Pero vayamos al problema de la creatividad. En el año 2021, se estrenó en Bonn la décima sinfonía de Beethoven, nada menos, terminada por un equipo de científicos y musicólogos que inventaron un algoritmo capaz de imitar, según dijeron, la habilidad artística del compositor. Además de desolador, el resultado es muy elocuente. Basta escuchar unos pocos minutos del engendro para darse cuenta del fiasco. La nueva sinfonía parece el producto de un mediocre y alelado imitador de Haydn con algún chimpún que recuerda a la quinta de Beethoven. Hay muchas composiciones inconclusas que luego discípulos directos del autor han intentado acabar sin éxito. ¿Qué nos hace pensar que una máquina puede hacerlo? Cuando Beethoven murió se acabó con él algo que solo podemos llamar enigma. Su música era fruto de una infinita e irreductible transformación interna de conocimientos, experiencias, intuiciones, ideas e impulsos que no dejaron más rastro que la propia música. Cada vez que una partitura suya se interpreta se evidencia de nuevo el enigma que queda resonando en nuestros oídos. «Lo fantasmagórico de lo ocurrido», como lo llamaba Musil.

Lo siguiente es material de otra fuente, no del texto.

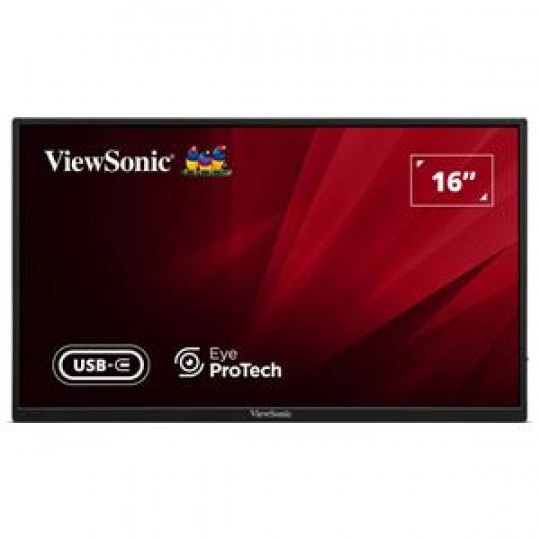 Viewsonic VA1650 přenosný 16" 1920x1080@60Hz/250cd/7ms/60Hz/HDMI/USB-C/Repro Viewsonic VA1650 přenosný 16" 1920x1080@60Hz/250cd/7ms/60Hz/HDMI/USB-C/Repro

Brahms estuvo años paralizado ante la potencia de su antecesor y cuando al fin se atrevió a componer su primera sinfonía muchos la consideraron una imitación, «la décima de Beethoven», a lo que él solía contestar: «Eso lo ve cualquier idiota». Pero lo extraordinario es que Brahms, en esa sinfonía portentosa, logró sobreponerse a lo que Nitezsche llamó la «melancolía de la impotencia» y atravesar sus propias limitaciones. Es justo lo contrario de lo que hizo el algoritmo de Bonn, diseñado para tratar de reproducir la dimensión externa y cuantificable de la obra de Beethoven. O lo que es lo mismo: nada. Brahms, en cambio, empieza por dejar clara su obsesión con el maestro mediante ese inicio atronador para luego abrirse camino poco a poco entre las ruinas y alumbrar algo nuevo y desconocido, fruto tanto del fracaso y la impotencia como de la afirmación y la alegría. En el último movimiento, los metales y las maderas parecen anunciar un nuevo inicio libre de ansiedad, reconciliado su autor con su propia vivencia de competición y asombro, de inseguridad y osadía. La mecatrónica será muy útil en muchos campos, pero hay determinados supuestos en que puede llegar a ser contraproducente y perjudicial. ¿De dónde surge esta necesidad de que las máquinas nos sustituyan en todo? Las lavadoras nos han liberado de servidumbres muy pesadas, pero la mejor cocina se sigue haciendo con procedimientos rudimentarios. La «inteligencia» artificial es un simulacro de un fenómeno –el pensamiento–, cuya representación técnica está basada solo en principios racionales y mecánicos pero a la que le está vedada el acceso al abismo de irracionalidad, experiencia y contemplación que rodea a eso que llamamos «razón». Como decía Ortega, «razonar es un puro combinar visiones irrazonables». El ChatGTP podrá componer tiradas sobre cualquier cosa en pentámetros yámbicos, pero jamás  pronunciará contra la muerte las palabras del espectro paterno: «Adieu, adieu, Hamlet, remember me«. Porque es a la expresión de nuestra ínfima pequeñez a lo que nunca llegará la máquina.